The other big problem is that I have to reorganize the thing. They didn't exactly say that -- in fact, I think that their comments do not call for a drastic reorganization of the thing. But they say that the point isn't clear -- and I can see instantly how that's an organizational problem. I think this has something to do with the fact that there isn't a clear methodology to working with data in my field. Perhaps terribly, since I've been working on this material for a long time, I'm still learning from it. It's ethnographic field research. Qualitative. So I continue to re-see the data based on my own brain. Oy! And without a clear method in the field, we are also without a clear way of writing up results. Though I would probably hate a more rigid structure -- and pretty much flout scholarly organizational standards as often as possible, partly because I work in alternative argumentation. Though here I can see that my alternative argumentation/organization makes it very hard to see my point. Hence having to gut the thing and reorganize, one of my least favorite things. Ironic, of course, because when I teach I always tell students to write whatever, then go back and reorganize. And I say it as if it didn't feel pretty awful to tear your own writing up. Maybe I'll actually physically cut and paste it. Sometimes the act of cutting it up feels so kindergarten and fun, it takes some of the seriousness out of it all.

I wish I could just come up with these insights and then someone else could write it. (This from the writer.) Really, I'm just lazy. Or I resist launching in. Or something! It's more fun to blog about writing than to write it. This is probably an audience issue. Writing for these editors, whom I greatly respect and wish to not offend, and for the academic audience in general has a lot to do with whether I'll get a job in the near future, on which much of my life seems to rest. Oy, I wish I had more time. But I chose to work on it at the last minute. Will I ever learn? OY!

Once this is done, I need to write another article, and then likely another, taking out pieces of my dissertation and sending it out before the fall job market hoopla starts, so at least I can say that I've got work out there. I think three articles for someone who's been out of grad school for a year is pretty reasonable. I need to work on academic work regularly, instead of this writing binge I'm engaging in now. It's stupid to do this. I've also got to remember that much academic writing is not so well written. It doesn't have to be brilliant. It has to be clear. It has to make sense. It has to make a clear contribution to the field. Period.

Okay, work management, aka accountability blogging. I need to

1) add the stuff I think needs to be added immediately and make space for things I think probably need to be done that I'm not ready to do immediately

2) see if I can come up with a new outline for what I think would be pretty readable, seeing what's lost and gained

3) go back into the scholarship and draw connections and counter-arguments

4) fill in the gaps and do dumb formatting things

Today, I pretty much need to do 1 and 2. First I'll add the stuff I'm going to add. Then I'll reorganize, cutting and pasting and getting a sense of what is lost and gained. Then I think I have to let it rest. I have a plan! A plan!

***Update 6:30pm***

Wow, did I really start blogging around 12:30 and I'm only done with work now? I do remember how to work!

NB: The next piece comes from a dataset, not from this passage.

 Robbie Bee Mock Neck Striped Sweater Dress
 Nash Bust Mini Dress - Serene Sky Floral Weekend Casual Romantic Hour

So I found myself really going over the piece sentence by sentence, mostly taking things out and reordering. I stopped at the point where I got to the pages where all this other scholarship needs to be put in. It's clear to me that I'm not going to be able to add scholarship in each place they've noted it, because the whole piece would become way too long. But I think that I've put a strong new organization in place -- and the scholarship problems are those I think I can research individually, making them bite-sized pieces I might be able to work on piecemeal -- if I can ever really get myself to get up early. Oh! I give a test tomorrow in my SAT class, so I'll have plenty of time to work on this. Wow, I'm good! Solved that problem. I just have to remember to put the books in my bag. Better do that now. I've also got to remember to do the stuff I need to do for the SAT class. Like send my students some emails. Then I'm going to enjoy the rest of my Sunday!